Our business depends significantly upon sales through retailers and distributors, and if our retailers and distributors are not successful, we could experience reduced sales, substantial product returns or increased price protection, any of which would negatively impact our business, financial condition and results of operations. A significant portion of our sales are made through retailers, either directly or through distributors. Sales through these channels typically include rights to return unsold inventory and protection against price declines, as well as participation in various cooperative marketing programs. As a result, we do not recognize revenue until after the product has been sold through to the end user, in the case of sales to retailers, or to our distributors’ customers, in the case of sales to distributors. Price protection against declines in our selling prices has the effect of reducing our deferred revenues and eventually, our revenues. If our retailers and distributors are not successful, due to weak consumer retail demand caused by the current worldwide economic downturn, decline in consumer confidence, or other factors, we could continue to experience reduced sales as well as substantial product returns or price protection claims, which would harm our business, financial condition and results of operations. Except in limited circumstances, we do not have exclusive relationships with our retailers or distributors, and therefore, must rely on them to effectively sell our products over those of our competitors. Certain of our retail and distributor partners are experiencing financial difficulty and prolonged negative economic conditions could cause liquidity issues for our retail and distributor customers and channels. Changes in the credit worthiness, access to available credit or the failure of any of our significant retail or distribution partners would harm our revenue and our ability to collect on outstanding receivable balances. Additionally, to the degree that the recent turmoil in the credit markets makes it more difficult for some customers to obtain financing, those customers’ ability to pay could be adversely impacted, which in turn could have a material adverse impact on our business, operating results, and financial condition.

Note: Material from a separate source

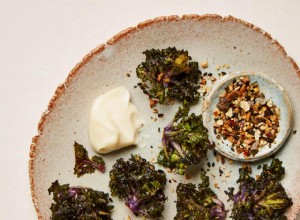 Les recettes de kale de Yotam Ottolenghi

We may be unable to license intellectual property to or from third parties as needed, which could expose us to liability for damages, increase our costs or limit or prohibit us from selling products. If we incorporate third-party technology into our products or if we are found to infringe others’ intellectual property, we could be required to license intellectual property from a third party. We may also need to license some of our intellectual property to others in order to enable us to obtain important cross-licenses to third-party patents. We cannot be certain that licenses will be offered when we need them, that the terms offered will be acceptable, or that these licenses will help our business. If we do obtain licenses from third parties, we may be required to pay license fees or royalty payments. In addition, if we are unable to obtain a license that is necessary to manufacture our products, we could be required to suspend the manufacture of products or stop our product suppliers from using processes that may infringe the rights of third parties. We may not be successful in redesigning our products, or the necessary licenses may not be available under reasonable terms.
We may be unable to renew existing licenses, which could reduce our license and royalty revenues. Our license and royalty revenues currently comprise the majority of our operating margin and cash provided by operating activities. If our existing licensees do not renew their licenses upon expiration and we are not successful in signing new licensees in the future, our license revenue, profitability, and cash provided by operating activities would be harmed. Our current license agreement with Samsung expires in August 2009, and to the extent that we are unable to renew this agreement under similar terms or at all, our financial results would be adversely impacted by the reduced license and royalty revenue and the significant patent litigation costs to enforce our patents against and renew our license agreement with Samsung.
We may be unable to complete definitive agreements related to our MOU with Toshiba dated October 20, 2008 in a timely manner, or at all. On October 20, 2008, we entered into a non-binding MOU with Toshiba to sell approximately 30% of the current combined manufacturing capacity of Flash Partners and Flash Alliance in order to reduce excess inventory and our future production commitments. See Note 15, “Subsequent Event,” in the Notes to the Condensed Consolidated Financial Statements of this Form 10-Q. However, if we fail to complete the binding definitive agreements with Toshiba on a timely basis, or at all, we may continue to experience significant excess inventory and production commitments and we would not receive the expected cash and reduction in lease obligations. Failure to reduce our excess inventory and production commitments and the loss of liquidity that the definitive agreements related to the MOU are expected to provide, could result in a material adverse effect on our business, financial condition and results of operations.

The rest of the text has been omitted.